─── Records supplied ───

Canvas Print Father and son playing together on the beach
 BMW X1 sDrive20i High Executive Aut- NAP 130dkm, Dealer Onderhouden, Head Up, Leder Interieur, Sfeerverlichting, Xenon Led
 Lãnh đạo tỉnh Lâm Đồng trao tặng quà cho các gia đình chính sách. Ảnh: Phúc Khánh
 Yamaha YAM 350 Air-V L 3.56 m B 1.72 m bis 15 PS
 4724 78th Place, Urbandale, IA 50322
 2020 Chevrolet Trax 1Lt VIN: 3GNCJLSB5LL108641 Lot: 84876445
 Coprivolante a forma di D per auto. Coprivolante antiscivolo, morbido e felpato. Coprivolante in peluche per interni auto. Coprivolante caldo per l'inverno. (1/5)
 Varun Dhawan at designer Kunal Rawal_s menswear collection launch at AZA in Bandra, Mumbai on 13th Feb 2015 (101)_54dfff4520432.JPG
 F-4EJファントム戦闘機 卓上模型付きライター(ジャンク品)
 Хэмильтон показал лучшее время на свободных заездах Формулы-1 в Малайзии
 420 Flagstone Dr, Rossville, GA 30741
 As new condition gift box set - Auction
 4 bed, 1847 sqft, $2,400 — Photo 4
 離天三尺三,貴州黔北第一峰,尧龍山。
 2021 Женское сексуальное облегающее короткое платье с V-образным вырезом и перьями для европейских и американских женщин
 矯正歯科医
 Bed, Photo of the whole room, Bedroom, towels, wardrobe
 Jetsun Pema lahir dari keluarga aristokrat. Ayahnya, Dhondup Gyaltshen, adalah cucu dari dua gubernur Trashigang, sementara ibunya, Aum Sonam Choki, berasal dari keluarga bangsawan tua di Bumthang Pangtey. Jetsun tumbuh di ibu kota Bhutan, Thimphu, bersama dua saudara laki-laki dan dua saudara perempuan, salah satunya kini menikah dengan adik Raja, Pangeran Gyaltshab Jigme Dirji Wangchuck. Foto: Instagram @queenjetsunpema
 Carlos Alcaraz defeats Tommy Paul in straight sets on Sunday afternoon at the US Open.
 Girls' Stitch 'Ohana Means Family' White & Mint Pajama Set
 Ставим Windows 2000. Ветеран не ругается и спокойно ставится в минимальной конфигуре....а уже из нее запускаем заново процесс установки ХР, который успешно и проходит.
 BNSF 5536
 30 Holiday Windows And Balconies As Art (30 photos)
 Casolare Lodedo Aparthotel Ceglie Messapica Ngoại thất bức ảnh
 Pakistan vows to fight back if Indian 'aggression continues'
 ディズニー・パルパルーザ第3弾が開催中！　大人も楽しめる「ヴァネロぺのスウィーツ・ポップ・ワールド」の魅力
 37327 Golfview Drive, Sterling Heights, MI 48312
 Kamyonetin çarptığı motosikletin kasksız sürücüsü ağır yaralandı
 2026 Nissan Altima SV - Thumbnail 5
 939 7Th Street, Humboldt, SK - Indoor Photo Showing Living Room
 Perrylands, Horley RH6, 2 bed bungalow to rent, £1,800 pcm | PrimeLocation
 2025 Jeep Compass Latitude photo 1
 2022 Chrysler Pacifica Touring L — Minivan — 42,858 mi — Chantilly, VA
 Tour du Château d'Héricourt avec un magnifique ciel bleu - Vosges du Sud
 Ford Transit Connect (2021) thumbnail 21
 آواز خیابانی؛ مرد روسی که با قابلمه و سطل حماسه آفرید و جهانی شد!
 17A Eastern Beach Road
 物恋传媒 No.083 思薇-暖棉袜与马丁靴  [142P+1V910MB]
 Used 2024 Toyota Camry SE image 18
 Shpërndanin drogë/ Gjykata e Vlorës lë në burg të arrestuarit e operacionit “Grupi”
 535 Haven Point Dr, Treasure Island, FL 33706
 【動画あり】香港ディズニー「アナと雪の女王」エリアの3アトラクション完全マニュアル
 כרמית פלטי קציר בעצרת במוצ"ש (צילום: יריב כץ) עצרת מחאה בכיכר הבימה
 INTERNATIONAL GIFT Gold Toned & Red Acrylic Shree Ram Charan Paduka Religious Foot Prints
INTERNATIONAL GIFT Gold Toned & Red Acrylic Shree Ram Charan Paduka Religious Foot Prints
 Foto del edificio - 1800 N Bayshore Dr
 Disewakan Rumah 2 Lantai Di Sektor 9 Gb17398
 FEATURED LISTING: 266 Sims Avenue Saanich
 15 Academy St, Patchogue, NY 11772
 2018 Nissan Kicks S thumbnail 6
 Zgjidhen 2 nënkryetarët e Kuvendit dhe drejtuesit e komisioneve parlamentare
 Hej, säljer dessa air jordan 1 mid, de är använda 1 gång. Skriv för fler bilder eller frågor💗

───

(Task instructions): List every line in the records above that contains the word "INTERNATIONAL".

(Response to the exercise):
 INTERNATIONAL GIFT Gold Toned & Red Acrylic Shree Ram Charan Paduka Religious Foot Prints
INTERNATIONAL GIFT Gold Toned & Red Acrylic Shree Ram Charan Paduka Religious Foot Prints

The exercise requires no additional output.